Der dritte Sargnagel sind die hohen Kosten, vor allem für Mieten, die den Warenhäusern den Garaus machen. Die Mietpreise für Läden in bevorzugten Lagen steigen angeblich immer noch. Die Riesenflächen der Warenhäuser fressen entsprechend Substanz auf. Die Refinanzierung ist hart – und in vielen Fällen unerreichbar.

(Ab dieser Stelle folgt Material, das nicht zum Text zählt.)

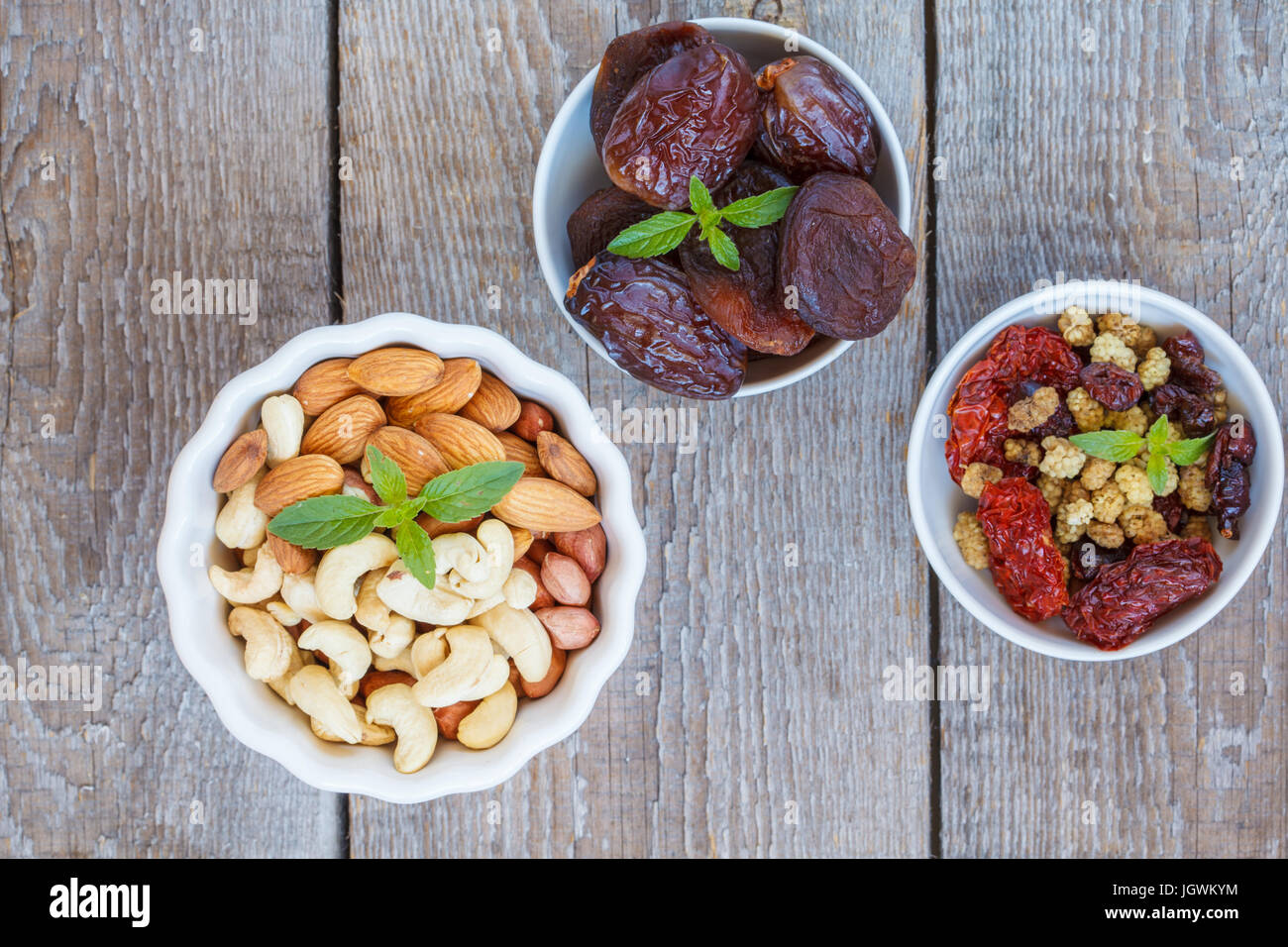 Different types of nuts and dried fruits. Healthy dietary snack, dried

Exkurs: Überhaupt ist es erstaunlich, welche Mieten für Ladenlokale aufgerufen werden – auch und vor allem von den Shoppingcenter-Betreibern. Da bläht sich ordentlich etwas auf. Auch diese Blase wird platzen – und dann wird es wieder jammernde und weinende Unternehmen geben. Viele Läden von Marken dienen dem Marketing, werfen aber keine Renditen ab. In den USA ist das Shoppingcenter-Sterben recht weit fortgeschritten. Aber für die Betreiber ist das kein Problem: Ich vermute spätestens nach fünf, wahrscheinlich aber schon nach drei Jahren annähernder Vollvermietung geht das Geld verdienen los. Wenn also nach zehn, 15 oder 20 Jahren das Licht ausgeht, ist die Ernte schon längst eingeholt. Weinen werden dann übrigens auch die Kommunen, die sich die Ansiedlung von Shoppingcentern so sehr wünschen. Das führt nur zu einer kurzfristigen Befriedigung der Verwaltungschefs in den Rathäusern.

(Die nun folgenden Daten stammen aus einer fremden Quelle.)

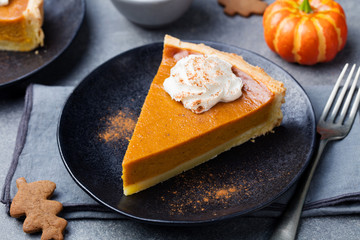 Wall Mural - Pumpkin pie, tart with whipped cream on a plate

Massiven Druck übt natürlich auch das sich ändernde Einkaufsverhalten und der E-Commerce aus. Immer wieder hört man, dass es in der Innenstadt manche Dinge wie Kurzwaren nur noch im Warenhaus gibt. Hier kommt wieder der Long Tail um die Ecke. Im Netz gibt es alles, die kleinste Nische wird bedient. Dort gibt es auch Kurzwaren. Was es dort nicht gibt, ist das haptische Einkaufen. Das mögen jene vermissen, die damit noch groß geworden sind. In spätestens 15 Jahren ist der Großteil der Kunden anderes Einkaufsverhalten gewohnt. Dazu gehört dann vielleicht eine bessere Planung, das Bestellen unterschiedlicher Artikel zur Auswahl oder auch die Bindung zum Online-Shop des Vertauens. Man mag den guten alten Zeiten mit kompetenter Beratung und face-to-face-Kontakten dann nachtrauern. Das wird den Nostalgikern nur nichts mehr nützen. Von wegen Beratung und Service: Tatsache ist doch, dass auch diese Aspekte nur noch rudimentär in den Warenhäusern vorhanden sind. Die hohe Personaldichte ist ja bereits der Krise der vergangenen 20 Jahre zum Opfer gefallen.

Umstände und häufig auch Management haben dazu beigetragen, dass die Warenhäuser am Rande des Exitus sind – von dort gibt es kein zurück mehr. Warenhäuser waren Häuser!